TL;DR
We had cyber insurance. We had a data breach. We filed a claim expecting coverage. The insurer denied it, citing a clause about "failure to maintain minimum security controls." Our missing MFA and outdated software voided our coverage. The breach cost us $35,000 out of pocket. Insurance I'd been paying $200/month for covered nothing.
The False Security
When I bought cyber insurance, I felt responsible. Smart, even. The premium was $200/month, which seemed reasonable for $500,000 in coverage. If anything went wrong, insurance would handle it.
I didn't read the policy carefully. I skimmed it, saw "data breach coverage," and signed. Big mistake.
The Breach
An attacker gained access through a compromised employee password. Without MFA, one stolen credential was enough. They accessed customer data for about 48 hours before we detected and stopped it.

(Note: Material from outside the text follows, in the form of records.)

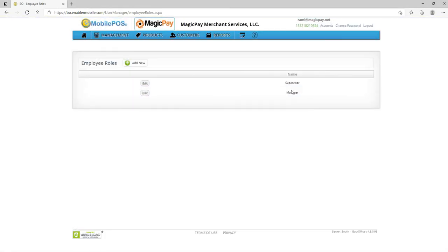And as you can see now, we have a supervisor that we already had before and now we have the manager role over here.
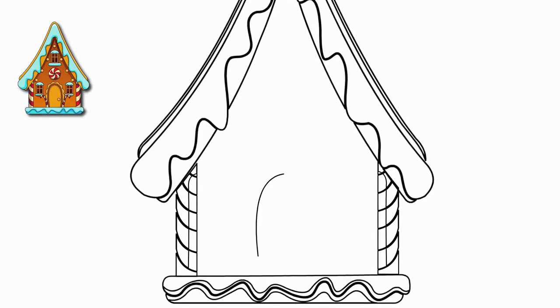Now let's draw the door. They are semicircular, beautiful doors of the holiday house.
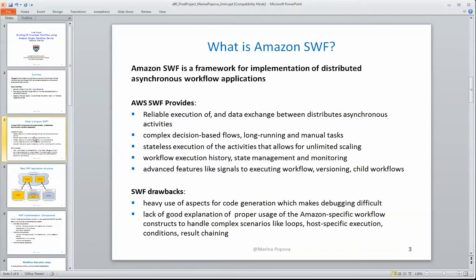A quick overview of what the Amazon Simple Workflow Service is. It is a framework that allows you to implement distributed asynchronous workflow applications, and it provides multiple features that make implementation of such applications a bit easier.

The damage was significant:
- Legal consultation: $8,000
- Forensic investigation: $12,000
- Customer notification and credit monitoring: $10,000
- PR and crisis management: $5,000
Total: $35,000. I wasn't worried. I had insurance.
The Claim
I filed the claim, confident it would be covered. Three weeks later, I received a letter:
"After review, we have determined that your claim does not meet the conditions for coverage under your policy. Specifically, Section 4.2(c) requires maintenance of 'industry-standard security controls including multi-factor authentication on all administrative access.' Our investigation found that MFA was not enabled on the compromised account. Therefore, this claim is denied."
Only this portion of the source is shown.